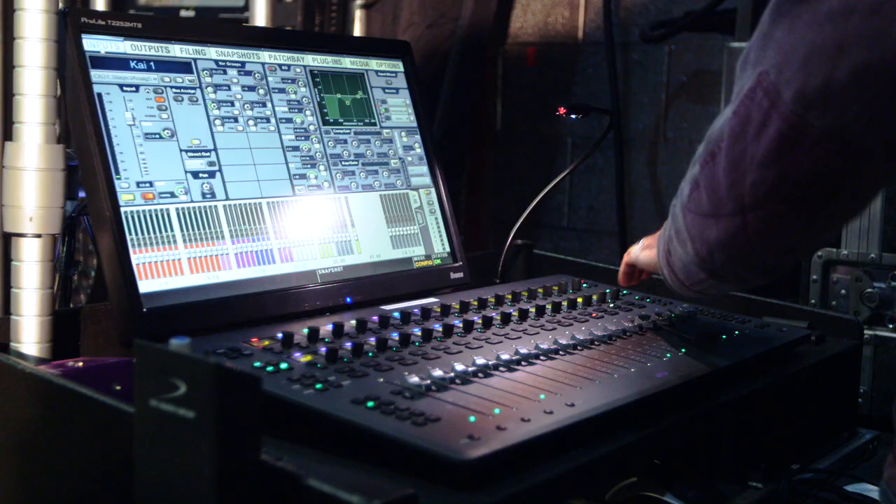My name is Jason Hattams. I'm the Monitor Engineer for Example. I have also worked for Madness, Happy Mondays, Mark Ronson, and Spandau Ballet.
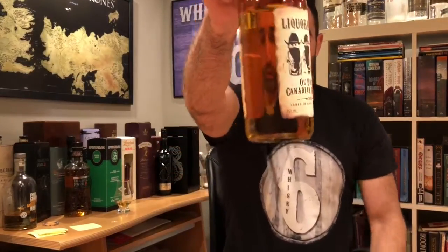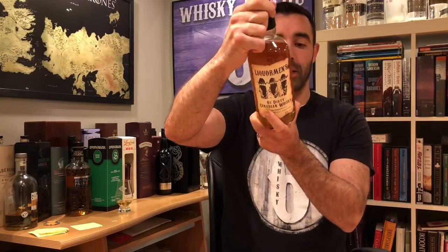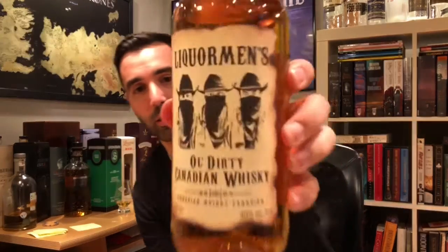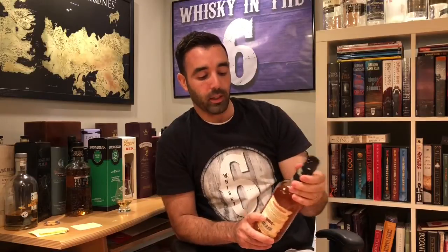Bottled at 40%, mostly corn — if not entirely corn whisky in here. There is definitely some added colour. It's from Nova Scotia. It's entirely sourced — obviously the Trailer Park Boys don't have their own distillery, so it's a little bit of a gimmick. I'll give you a close look at the label. When this was first released, the actors from the show went to various LCBOs and signed bottles.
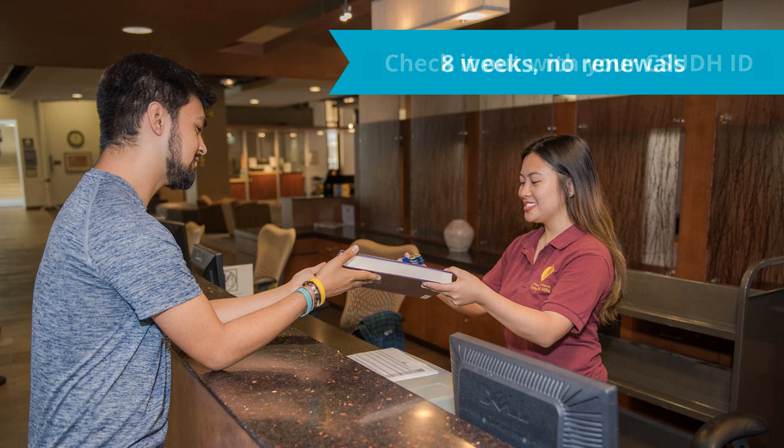Go to the pickup location specified in your email and use your CSUDH ID to check it out. You can keep CSU Plus books for 8 weeks. Sorry, no renewals, but you can request the book again.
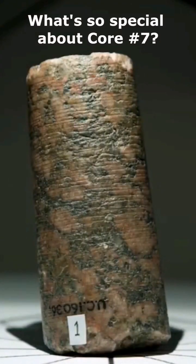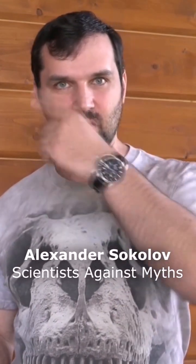What's so special about the renowned Core Sample No. 7? The scientist recognized spiral thread grooves on its surface. At the same time, according to Petrie, the thread step is always the same — 2.5 millimeters, with a deviation of no more than 0.25 millimeters.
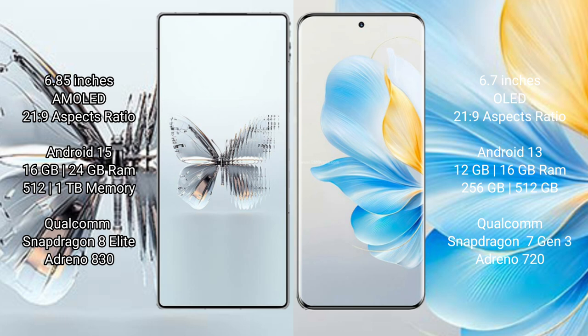Red Magic 10 Pro Plus comes with 16GB or 24GB RAM and 512GB or 1TB internal storage. It features a Qualcomm Snapdragon 8 Gen 3 processor with GPU Adreno 730.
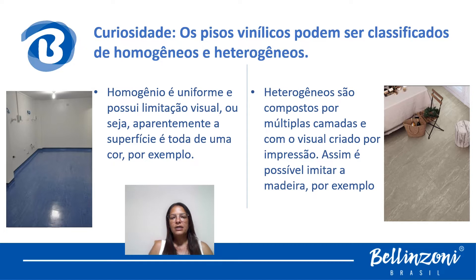Os pisos vinílicos podem ser classificados como homogêneos ou heterogêneos. O piso vinílico homogêneo é uniforme, possui uma limitação visual — ou seja, a superfície é toda de uma cor, sem acabamento detalhado. O heterogêneo é composto por múltiplas camadas com visual criado por impressão e pigmentação. Por isso é possível fazer imitação de madeira, pisos coloridos e até imitação de mármore. Esses pisos vinílicos são classificados como heterogêneos.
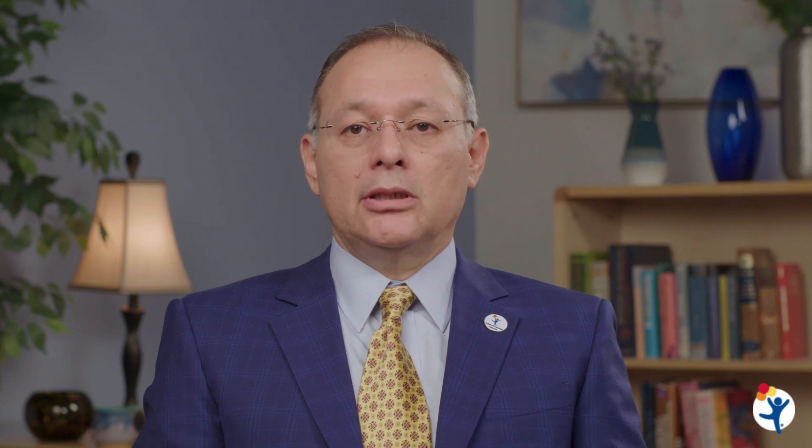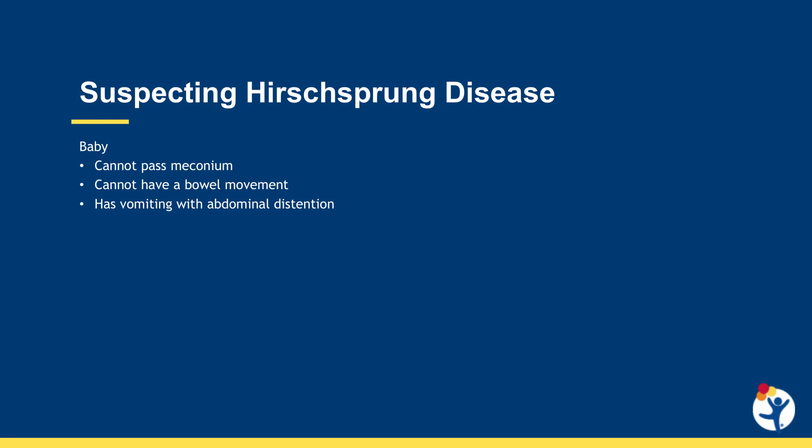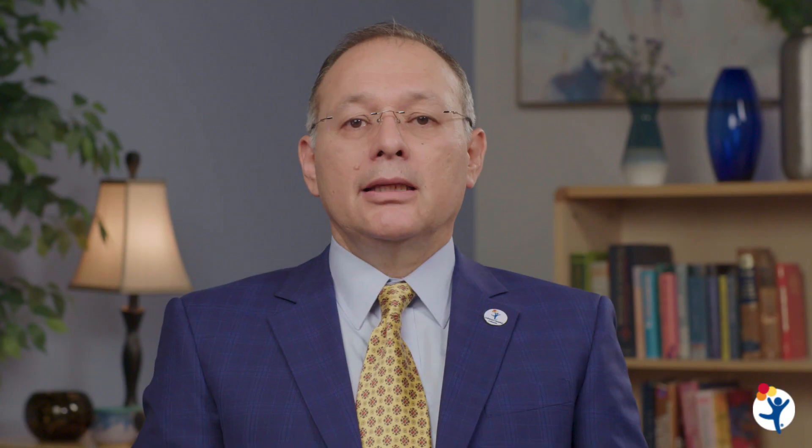Usually, the newborn passes meconium in the first 24 hours of life. If this meconium does not occur, we must suspect Hirschsprung's disease. Also, it is mandatory to suspect Hirschsprung's in the newborn and young infant with abdominal distension, vomiting, and not having regular bowel movements.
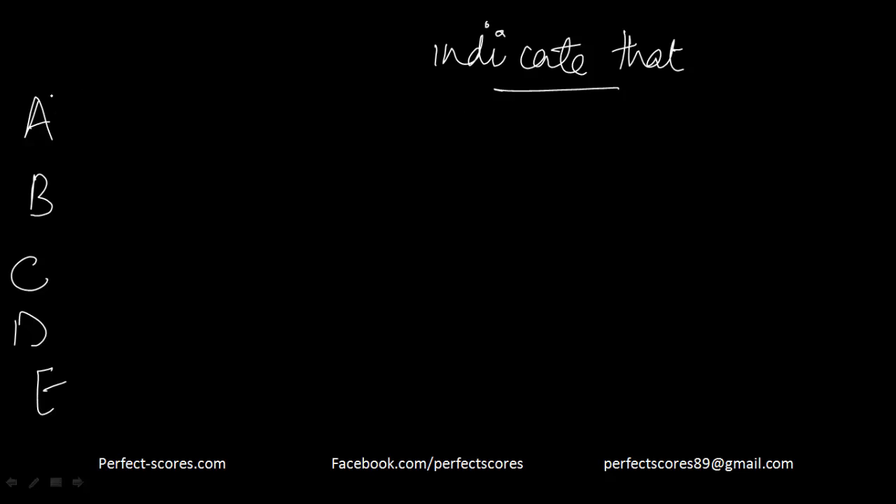In option A, 'that' is missing. The same happens in option D — 'that' is missing there as well. So both A and D are eliminated for misusing the idiom.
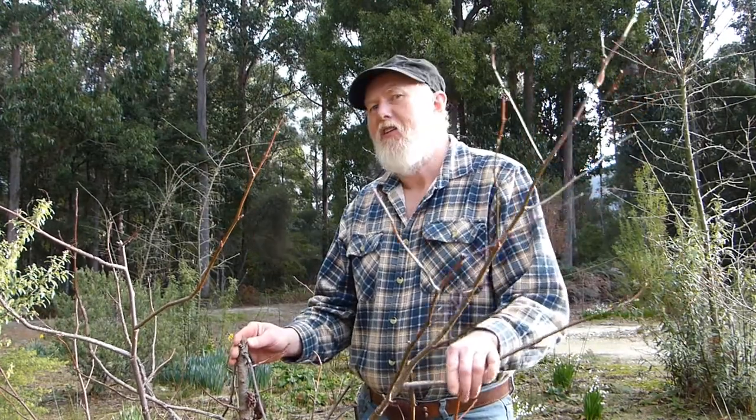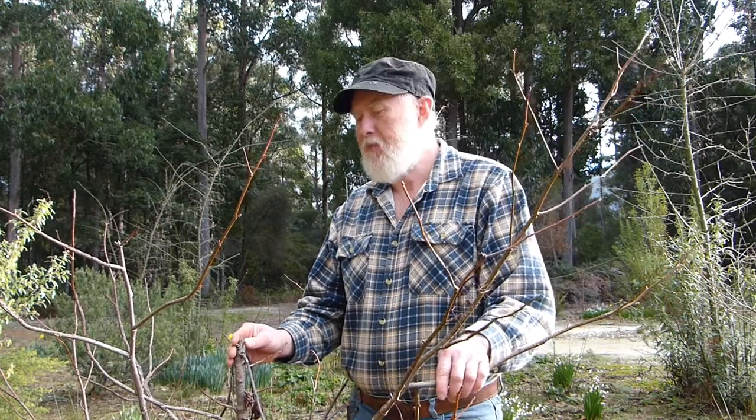When you grow a garden in the middle of the forest, as we do, you can have issues with wildlife. They find the exotic species that we grow — ornamentals, fruit trees, etc. — pretty irresistible. And you have to find a solution, a way to separate your garden from the wildlife.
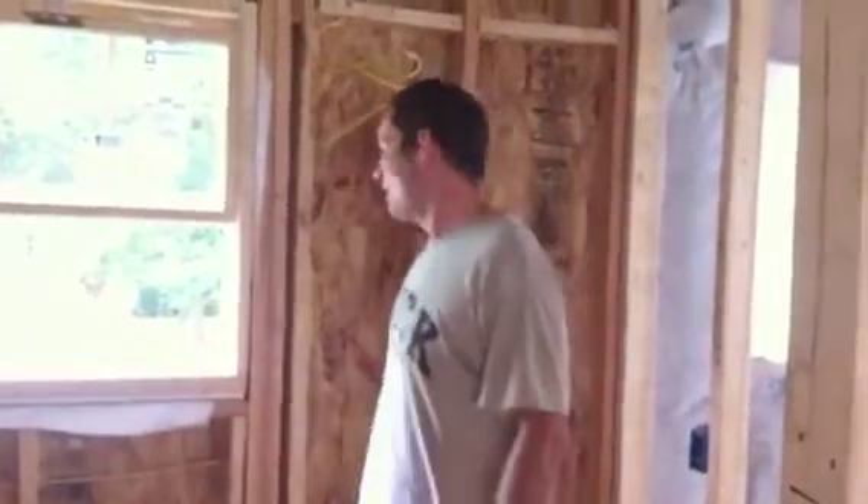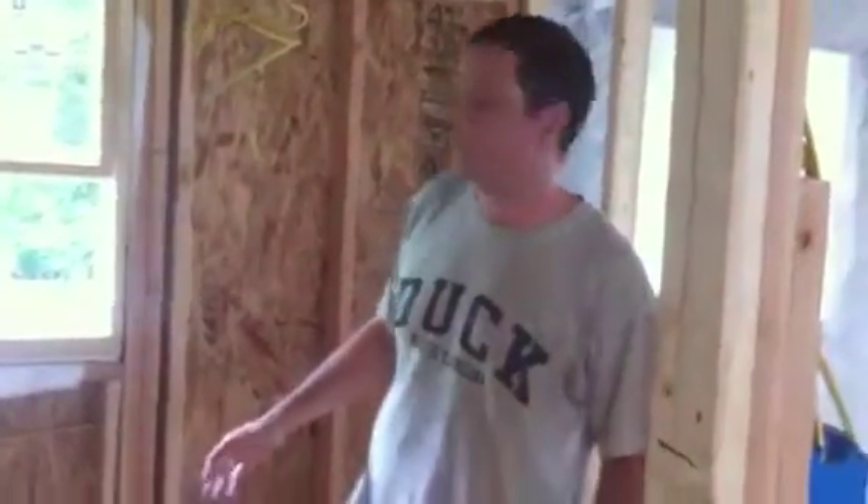Hi, this is Matt Warner with Modern Energy. We're here today doing blown-in recycled cellulose insulation in the wall cavities over off Ramsey Street in Hyde Park in Austin. And I want to tell you about this great product and how it goes in.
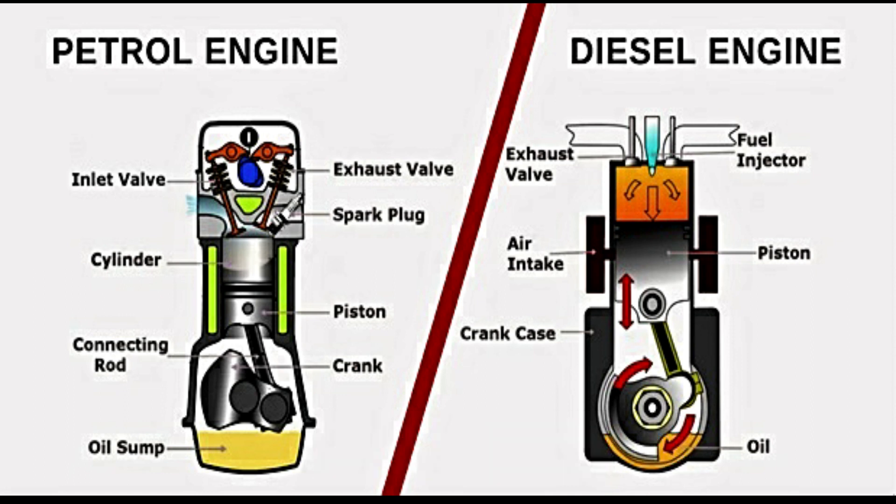This makes diesel a more environmentally friendly option. On the other hand, petrol engines tend to be less expensive to manufacture and tend to have better performance. Petrol engines are also generally lighter and smaller, which makes them a good option for smaller cars, and petrol fuel is more widely available than diesel.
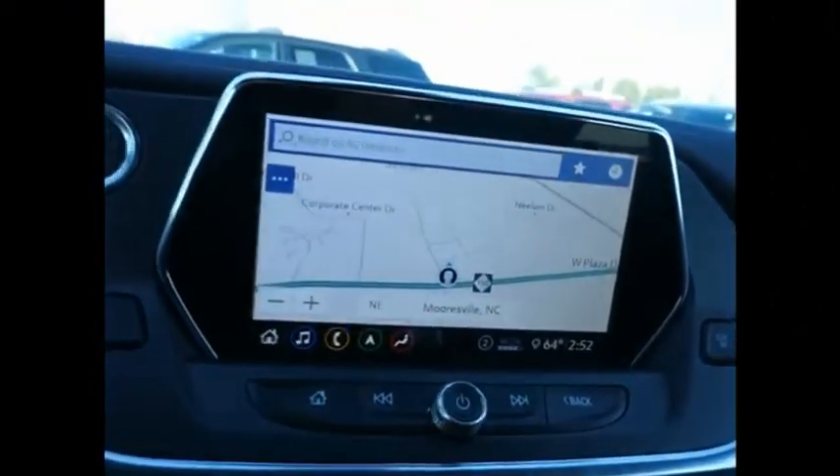Take this vehicle for a spin and see why so many shoppers are now proud owners.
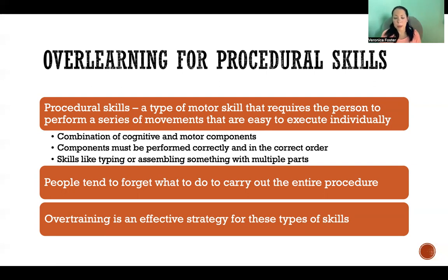The issue with procedural skills is that people tend to forget what they need to do to carry out the entire procedure from start to finish. If you practice and learn a certain procedural skill but then don't continue practicing, and you're tested on that skill nine months from now, you may not remember exactly what to do or what order the movements need to take place in. For procedural skills, over-training is an effective strategy because it helps reinforce the procedure, and even once you've mastered the skill, it helps you remember the components and their order later on.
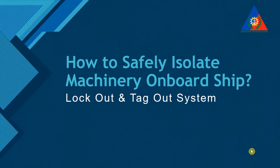Welcome training campers. Today, I will share some key notes on how to safely isolate machinery on board ship. That is, the lockout and tagout system.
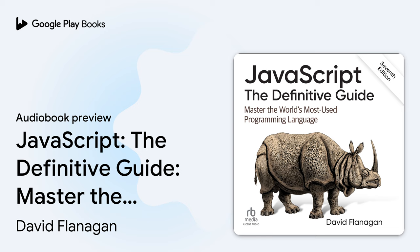O'Reilly Online Learning. For more than 40 years, O'Reilly Media has provided technology and business training, knowledge, and insight to help companies succeed. Our unique network of experts and innovators share their knowledge through books, articles, and our online learning platform. O'Reilly's online learning platform gives you on-demand access to live training courses, in-depth learning paths, interactive coding environments, and a vast collection of text and video from O'Reilly and 200-plus other publishers. For more information, visit oreilly.com.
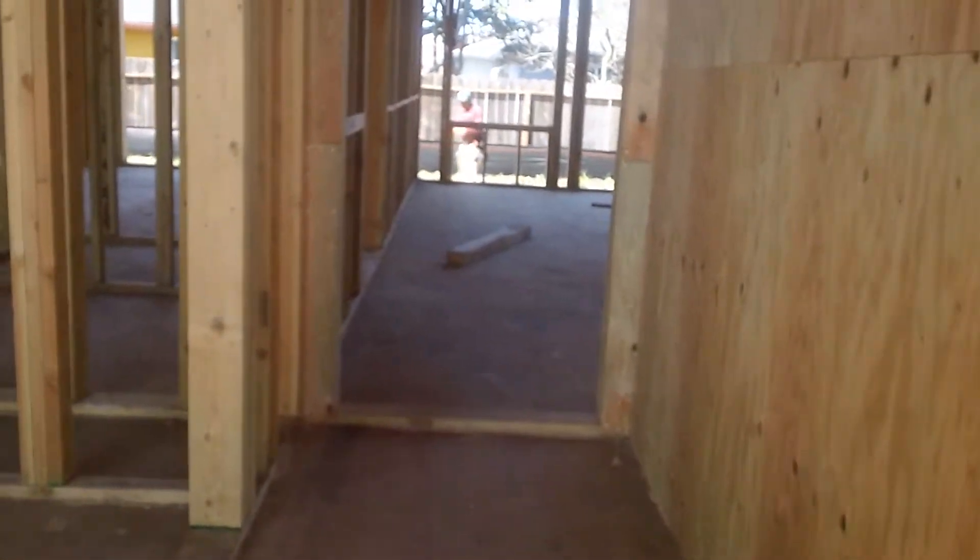As we come in the front entry, there's an office to the left. And you come into the open area — look how tall the ceilings are, with lights coming in for illumination.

What you should do:
Print out every entry above without changing a word, and leave out the pictures.

Output for this exercise:
My name is Jason Hattams. I'm the Monitor Engineer for Example. I have also worked for Madness, Happy Mondays, Mark Ronson, and Spandau Ballet.
Bottled at 40%, mostly corn — if not entirely corn whisky in here. There is definitely some added colour. It's from Nova Scotia. It's entirely sourced — obviously the Trailer Park Boys don't have their own distillery, so it's a little bit of a gimmick. I'll give you a close look at the label. When this was first released, the actors from the show went to various LCBOs and signed bottles.
Go to the pickup location specified in your email and use your CSUDH ID to check it out. You can keep CSU Plus books for 8 weeks. Sorry, no renewals, but you can request the book again.
What's so special about the renowned Core Sample No. 7? The scientist recognized spiral thread grooves on its surface. At the same time, according to Petrie, the thread step is always the same — 2.5 millimeters, with a deviation of no more than 0.25 millimeters.
Red Magic 10 Pro Plus comes with 16GB or 24GB RAM and 512GB or 1TB internal storage. It features a Qualcomm Snapdragon 8 Gen 3 processor with GPU Adreno 730.
Os pisos vinílicos podem ser classificados como homogêneos ou heterogêneos. O piso vinílico homogêneo é uniforme, possui uma limitação visual — ou seja, a superfície é toda de uma cor, sem acabamento detalhado. O heterogêneo é composto por múltiplas camadas com visual criado por impressão e pigmentação. Por isso é possível fazer imitação de madeira, pisos coloridos e até imitação de mármore. Esses pisos vinílicos são classificados como heterogêneos.
Usually, the newborn passes meconium in the first 24 hours of life. If this meconium does not occur, we must suspect Hirschsprung's disease. Also, it is mandatory to suspect Hirschsprung's in the newborn and young infant with abdominal distension, vomiting, and not having regular bowel movements.
In option A, 'that' is missing. The same happens in option D — 'that' is missing there as well. So both A and D are eliminated for misusing the idiom.
When you grow a garden in the middle of the forest, as we do, you can have issues with wildlife. They find the exotic species that we grow — ornamentals, fruit trees, etc. — pretty irresistible. And you have to find a solution, a way to separate your garden from the wildlife.
Hi, this is Matt Warner with Modern Energy. We're here today doing blown-in recycled cellulose insulation in the wall cavities over off Ramsey Street in Hyde Park in Austin. And I want to tell you about this great product and how it goes in.
This makes diesel a more environmentally friendly option. On the other hand, petrol engines tend to be less expensive to manufacture and tend to have better performance. Petrol engines are also generally lighter and smaller, which makes them a good option for smaller cars, and petrol fuel is more widely available than diesel.
Take this vehicle for a spin and see why so many shoppers are now proud owners.
The issue with procedural skills is that people tend to forget what they need to do to carry out the entire procedure from start to finish. If you practice and learn a certain procedural skill but then don't continue practicing, and you're tested on that skill nine months from now, you may not remember exactly what to do or what order the movements need to take place in. For procedural skills, over-training is an effective strategy because it helps reinforce the procedure, and even once you've mastered the skill, it helps you remember the components and their order later on.
Welcome training campers. Today, I will share some key notes on how to safely isolate machinery on board ship. That is, the lockout and tagout system.
O'Reilly Online Learning. For more than 40 years, O'Reilly Media has provided technology and business training, knowledge, and insight to help companies succeed. Our unique network of experts and innovators share their knowledge through books, articles, and our online learning platform. O'Reilly's online learning platform gives you on-demand access to live training courses, in-depth learning paths, interactive coding environments, and a vast collection of text and video from O'Reilly and 200-plus other publishers. For more information, visit oreilly.com.
As we come in the front entry, there's an office to the left. And you come into the open area — look how tall the ceilings are, with lights coming in for illumination.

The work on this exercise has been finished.